Data extract
|---|

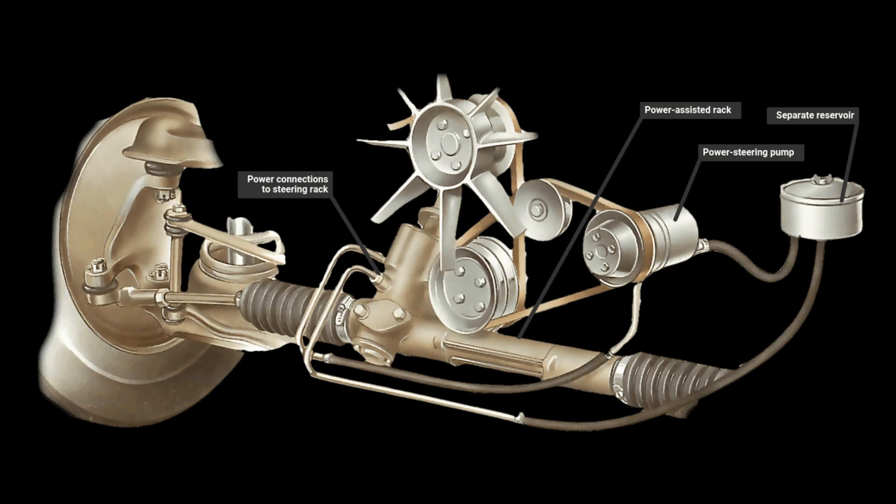The valves in the steering rack or box get opened whenever the driver turns the wheel, which allows the oil to enter the cylinder. The oil works as a piston which helps push the steering in the required direction. Once the driver stops turning the wheel, the valve gets closed and the pushing action of the piston stops. The power assists the steering while the wheels remain linked to the road wheels in the usual way.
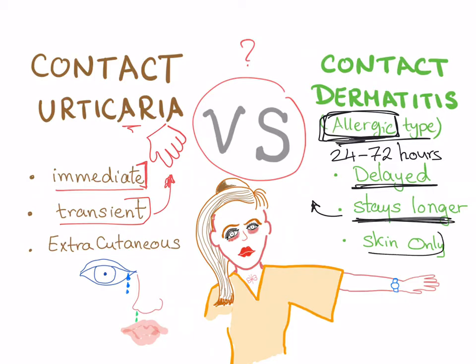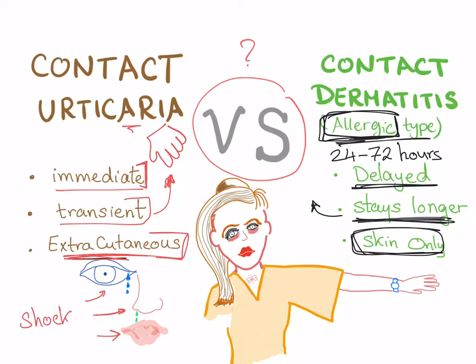Contact dermatitis affects only the skin — it is solely a dermatological problem. However, contact urticaria has extra-cutaneous or systemic symptoms, such as runny nose, watery eyes, and enlarged lips. It can also lead to anaphylactic shock.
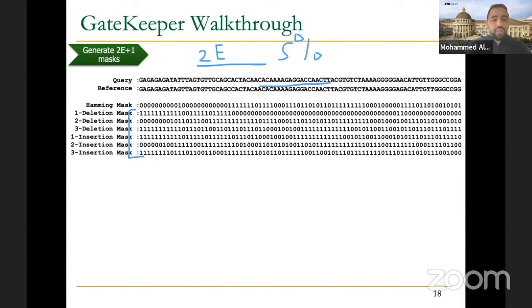The Hamming distance vector is computed using XOR directly. For the other vectors, we shift one of the two sequences — either the query or the reference, not both — and then XOR. For deletion: since the effect goes left, we shift the query to the right and then compare with the reference using XOR. For two deletions, we shift the query two steps to the right. For three deletions, we shift three steps to the right. For insertion masks, we do the opposite: we shift the query to the left. If you insert a character, the trailing characters shift right, so we need to do the opposite — shift to the left.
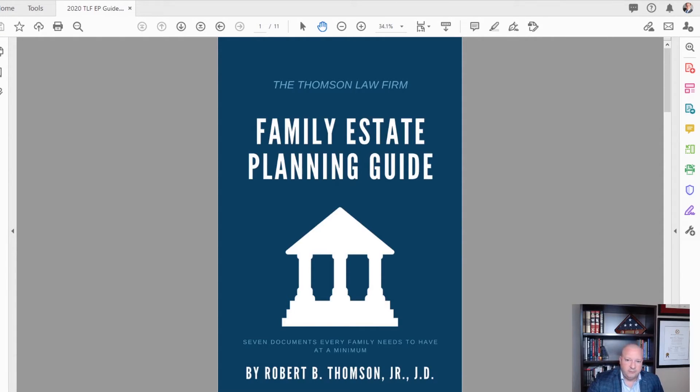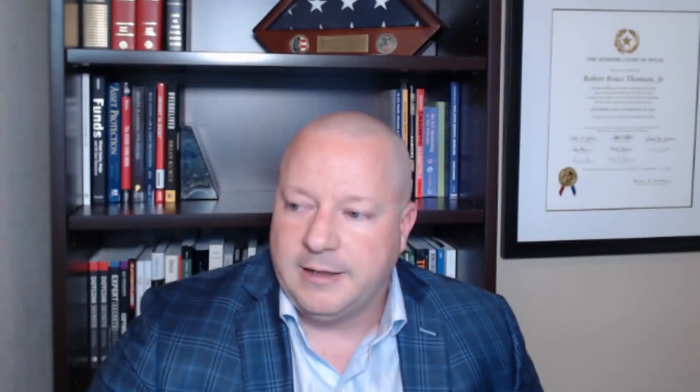and why they're important. And I want to give that to you for free today. All you have to do is click that little download button down there, and you'll get your free copy. I hope you enjoy it. It's a quick read, only 11 or 12 pages, but it's a reference for families that want to get started and understand what a basic family estate plan looks like. So there you have it. I hope you enjoy it, and I'll see you soon.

|---|

Line by line, give the material above again exactly, but without any pictures.

Response
The valves in the steering rack or box get opened whenever the driver turns the wheel, which allows the oil to enter the cylinder. The oil works as a piston which helps push the steering in the required direction. Once the driver stops turning the wheel, the valve gets closed and the pushing action of the piston stops. The power assists the steering while the wheels remain linked to the road wheels in the usual way.
Contact dermatitis affects only the skin — it is solely a dermatological problem. However, contact urticaria has extra-cutaneous or systemic symptoms, such as runny nose, watery eyes, and enlarged lips. It can also lead to anaphylactic shock.
The Hamming distance vector is computed using XOR directly. For the other vectors, we shift one of the two sequences — either the query or the reference, not both — and then XOR. For deletion: since the effect goes left, we shift the query to the right and then compare with the reference using XOR. For two deletions, we shift the query two steps to the right. For three deletions, we shift three steps to the right. For insertion masks, we do the opposite: we shift the query to the left. If you insert a character, the trailing characters shift right, so we need to do the opposite — shift to the left.
and why they're important. And I want to give that to you for free today. All you have to do is click that little download button down there, and you'll get your free copy. I hope you enjoy it. It's a quick read, only 11 or 12 pages, but it's a reference for families that want to get started and understand what a basic family estate plan looks like. So there you have it. I hope you enjoy it, and I'll see you soon.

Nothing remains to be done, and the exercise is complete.